Problem statement: Extract, exactly as written, each line from the start of the records below to the line containing "Газзаев присутствовал на", both ends included; drop the pictures.

(Items listed in a dataset)
━━━━━━━━━━━━━━━━━━━━

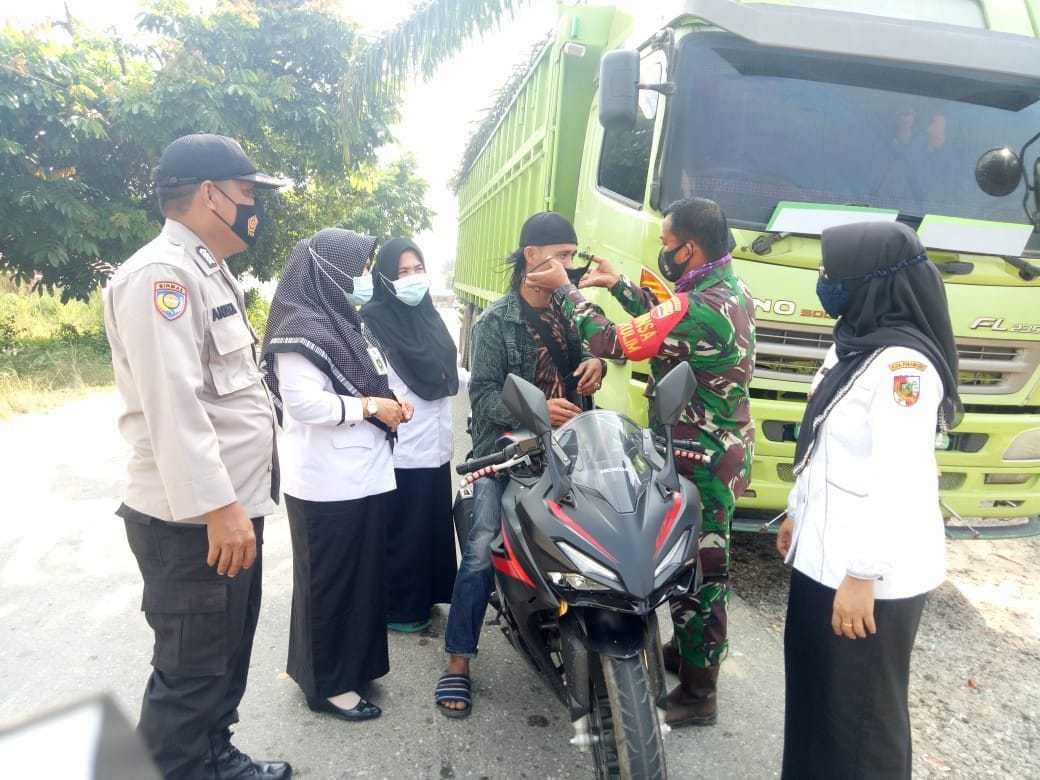 Babinsa Kodim 0301/PBR Dan Tokoh Masyarakat Lurah Kulim Laksanakan Pembagian Masker dan Sosialisasi Prokes di Depan Kantor Lurah Kulim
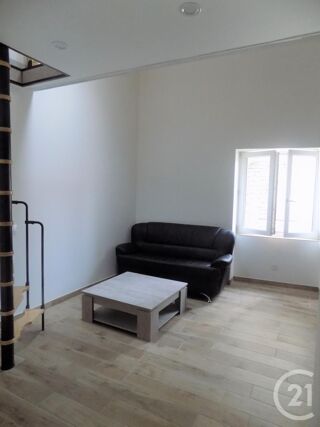  Appartement à louer 1 pièce 25 m²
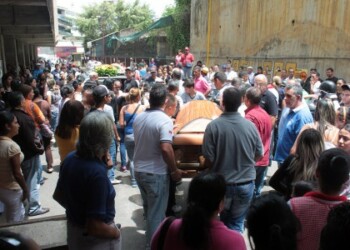 El joven taxista recibió una última despedida en la línea donde diariamente laboraba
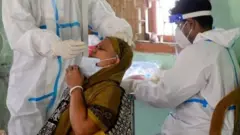 করোনাভাইরাস পরীক্ষা করা হচ্ছে।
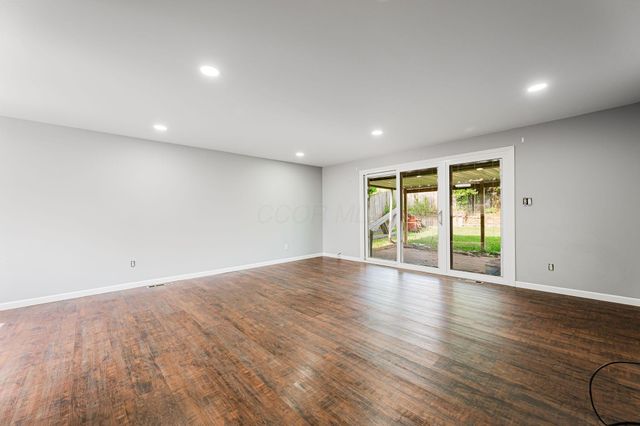 1582 Stouder Drive, Reynoldsburg, OH 43068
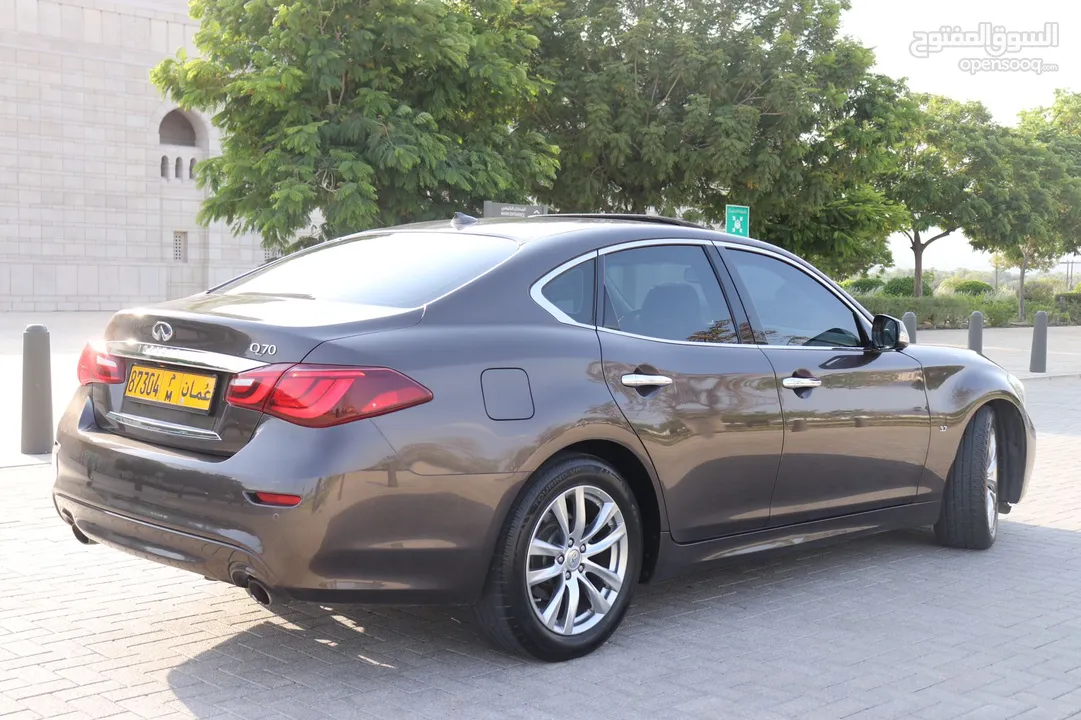 انفينتي Q70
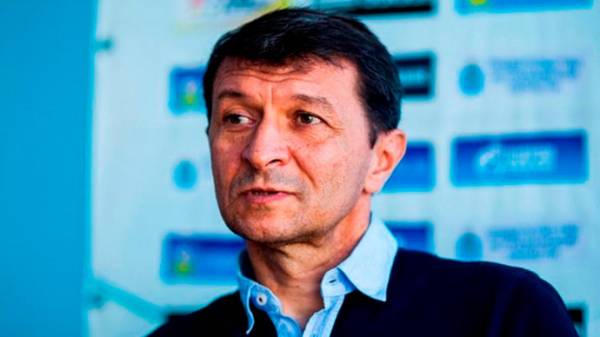 Газзаев присутствовал на матче «Шинника» и провел переговоры с куратором клуба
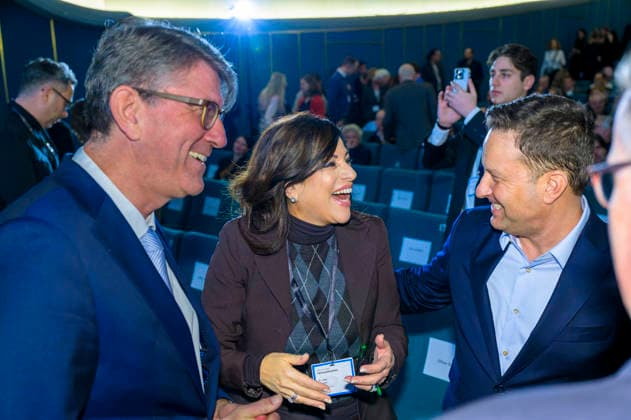Weimer + Brauner EUR, Deutschland, Berlin. 12.02.2026: Staatsminister Wolfram Weimer, Beauftragter der Bundesregierung für Kultur und Medien und Alice Brauner (mi) im Gespräch. Deutschen Produzententag 2026 in Berlin. Unter dem Motto Gemeinsam stärker: Deutschlands Filmwirtschaft im internationalen Wettbewerb bringt der Deutsche Produzententag 2026 vor Eröffnung der Berlinale zentrale Akteurinnen und Akteure der nationalen und internationalen Filmwirtschaft zusammen.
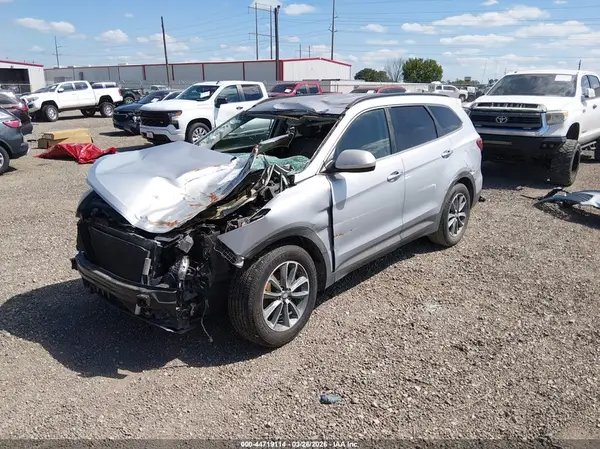KM8SM4HF6HU183689 2017 HYUNDAI SANTA FE - Image 2
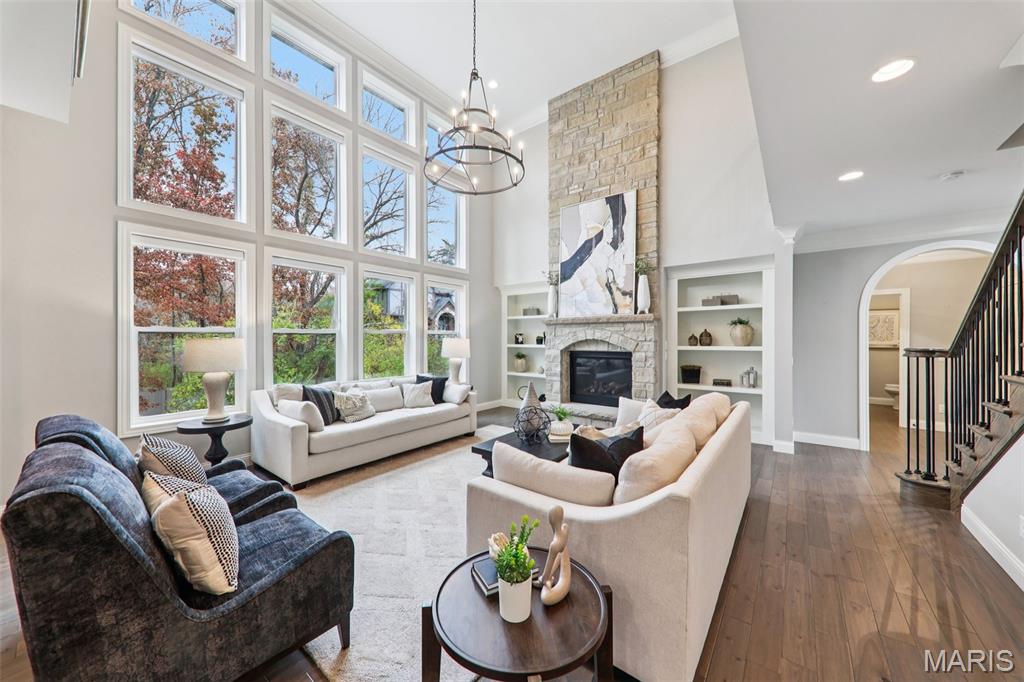 115 Ladue Pine Woods Place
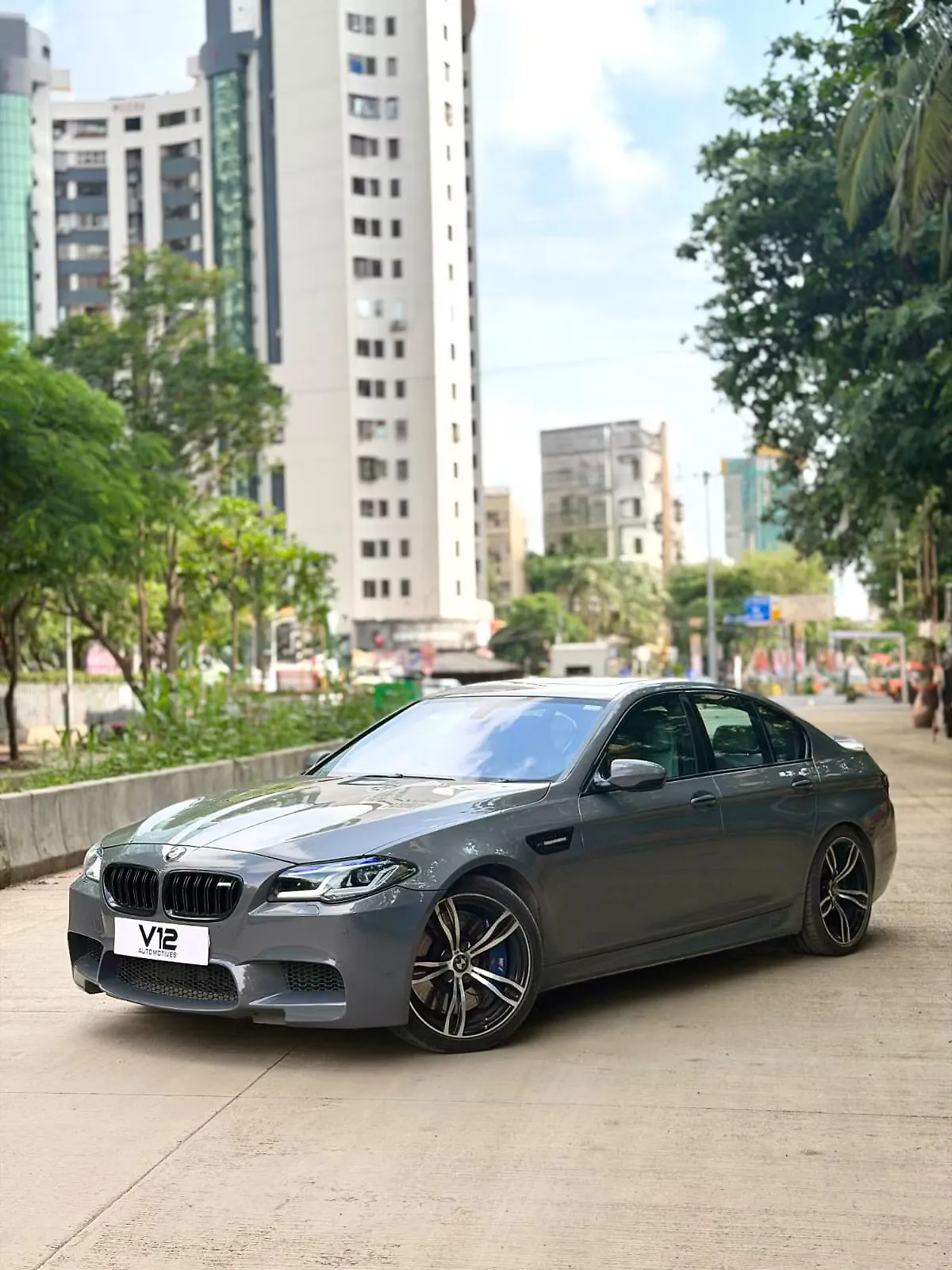 2012 BMW M5 Sedan 1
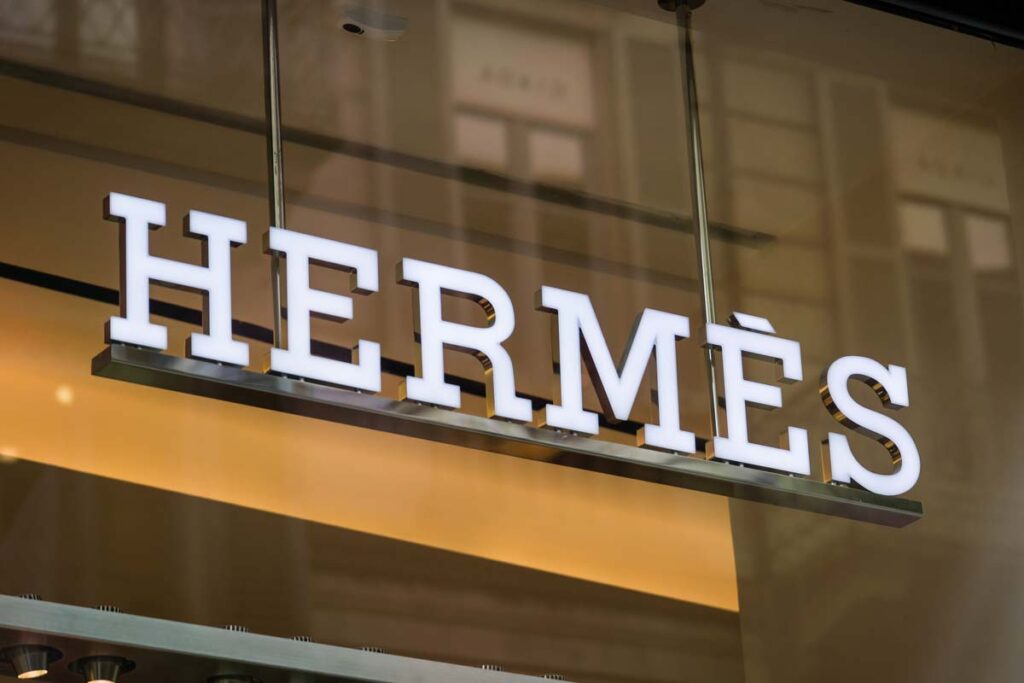 Closeup of Hermès signage, representing the Hermès Birkin bag purchase history class action.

━━━━━━━━━━━━━━━━━━━━

Solution below:
 Babinsa Kodim 0301/PBR Dan Tokoh Masyarakat Lurah Kulim Laksanakan Pembagian Masker dan Sosialisasi Prokes di Depan Kantor Lurah Kulim
  Appartement à louer 1 pièce 25 m²
 El joven taxista recibió una última despedida en la línea donde diariamente laboraba
 করোনাভাইরাস পরীক্ষা করা হচ্ছে।
 1582 Stouder Drive, Reynoldsburg, OH 43068
 انفينتي Q70
 Газзаев присутствовал на матче «Шинника» и провел переговоры с куратором клуба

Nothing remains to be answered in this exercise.